A couple of months ago, some of the other Recess editors and I sat down and watched High Fidelity, a movie I’ve probably seen at least half a dozen times since I rescued it from a Wal-Mart discount movie bin a few years ago. If you’ve ever seen High Fidelity, you know that it’s entirely quotable from beginning to end: the movie is narrated by Rob Gordon (John Cusack), a hyper-reflexive, misanthropic music snob who consistently doles out gems such as, “Liking both Marvin Gaye and Art Garfunkel is like supporting both the Israelis and the Palestinians.”

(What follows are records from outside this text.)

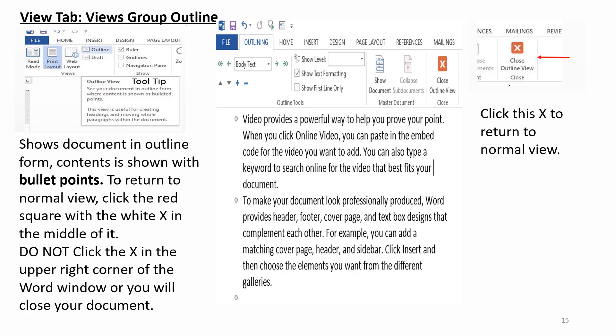View tab. Views group outline. Shows document in outline form. Contents is shown with bullet points. To return to normal view, click the red square with a white X in the middle of it. Do NOT click the X in the upper right corner of the Word window or you will close your document. Click this X to return to normal view.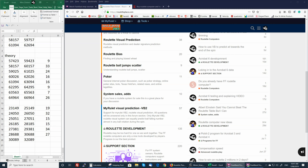Hello everybody. I still get asked a lot of questions about visual predictions VB2. It is just the kind of visual prediction that I prefer - nothing special. I publish enough information for free; somebody who wants to understand can understand it. At rouletteplace.com forum we have a private section for visual prediction VB2, accessible to all people who have my roulette computer, plus some other people.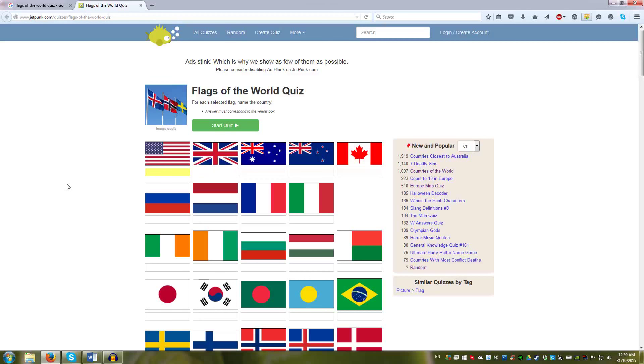Hello all, welcome back to another Flags of the World quiz with me, NuSensei. This one is from Jetpunk.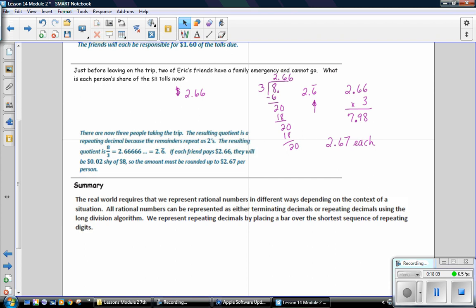In this lesson, you have learned, the real world requires that we represent rational numbers in different ways, depending on the context of a situation. All rational numbers can be represented as either terminating decimals or repeating decimals using the long division algorithm. We represent repeating decimals by placing a bar over the shortest sequence of repeating digits.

There’s one quote of Rob’s in particular that I have carried around in my back pocket for a long time, and until recently, used it as a quasi-maxim for relationships—romantic, platonic, and that delicate hybrid beast that threatens our sanity. In one scene, Rob is at the bar with Marie de Salle (Lisa Bonet), a beautiful bohemian singer with the ability to turn a cover of Peter Frampton’s “Baby I Love Your Way” into a religious experience. As he’s talking with Marie, the scene is spliced with Rob delivering the following wisdom: “A while back, Dick, Barry and I agreed that what really matters is what you like, not what you are like. Books, records, films, these things matter. Call me shallow, it’s the f*****g truth.” Then, the scene cuts back to Rob and Marie discovering their shared love of The Prisoner, a short-lived 1960’s cult TV show that is the perfect esoteric symbol for what Rob is trying to say.
On the surface, Rob’s philosophy makes a lot of sense. Out of the millions of albums, novels, paintings, etc. that have been produced, we choose to covet a small fraction and call them our favorites. And if someone else has likewise sifted through the same heap of artistic output and plucked a select few to be their favorites, doesn’t that mean something? At the very least, shouldn’t two people have an easier time talking to each other since you’ve already established a common ground?

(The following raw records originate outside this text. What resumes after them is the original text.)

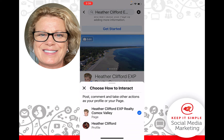Now you'll notice it says 'choose how you're going to interact.' Right now the check mark is on my business page, but I actually want to be on my personal profile because I want to share my business page post to my personal profile.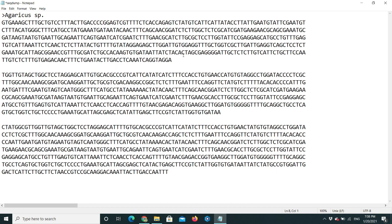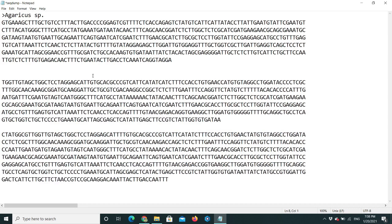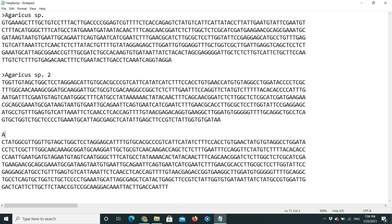Let's do it for the second and third sequences as well. We have prepared the FASTA files — don't forget to insert the greater-than sign, that is very important. So now we have three sequences in FASTA format.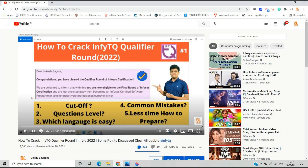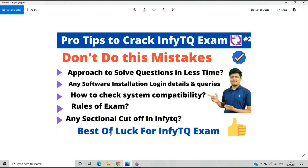We covered topics like question level, which language is easy, common mistakes, time management, and how to prepare. But this video is different from the previous one because here we discuss the pro tips to crack the NFTQ exam. This is the second part, and after this video on 31st March I will upload the last part covering additional pro tips.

Not necessarily, and it was only when re-watching High Fidelity and hearing Rob say those words that I realized how much I disagreed with that way of thinking. In Rob’s world, we all come with a deck of cultural cards we’ve collected over the years, ready to lay them on the table in hopes that someone will match our Dostoyevsky or Marc Chagall with their own collector’s edition. The more matches, the more compatibility, theoretically. But this is a dangerous way of thinking that, if anything, is antithetical to being card-carrying members of these exclusive clubs.

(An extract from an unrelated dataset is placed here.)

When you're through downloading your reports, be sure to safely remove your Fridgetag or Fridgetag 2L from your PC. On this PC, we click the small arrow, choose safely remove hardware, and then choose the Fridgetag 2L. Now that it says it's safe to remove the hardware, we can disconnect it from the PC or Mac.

Deciding that a movie or book is your “favorite” is no light declaration—it’s a committed relationship that has been cultivated over a long period of time. With that comes a responsibility to defend, to praise, to explain the significance of that particular work. The danger lies in the fact that when we tell others about the “books, records, films” that we like, we are only presenting an end result that’s rendered meaningless without personal context. These cultural markers have merely become shallow inroads into forming relationships that we believe are based on substance, when really substance is the long and beaten path that’s often left untread. And to blanket this entire notion that people can be grouped together in this way, we’ve come up with a wildly superficial term to justify it all—“taste.”
If I told you that Michael Chabon’s The Amazing Adventures of Kavalier & Clay is my favorite book, what does that say about me? That I have “good taste”? “Bad taste”? Need to read more books? Taken by itself, it should say nothing. And if that happens to be your favorite book, too? Well, that may be even worse, because in so many interactions, we’re often blinded by the initial excitement of discovering a similar interest that we never dig deeper; we omit the second question that makes our likes and dislikes so powerful—“Why?”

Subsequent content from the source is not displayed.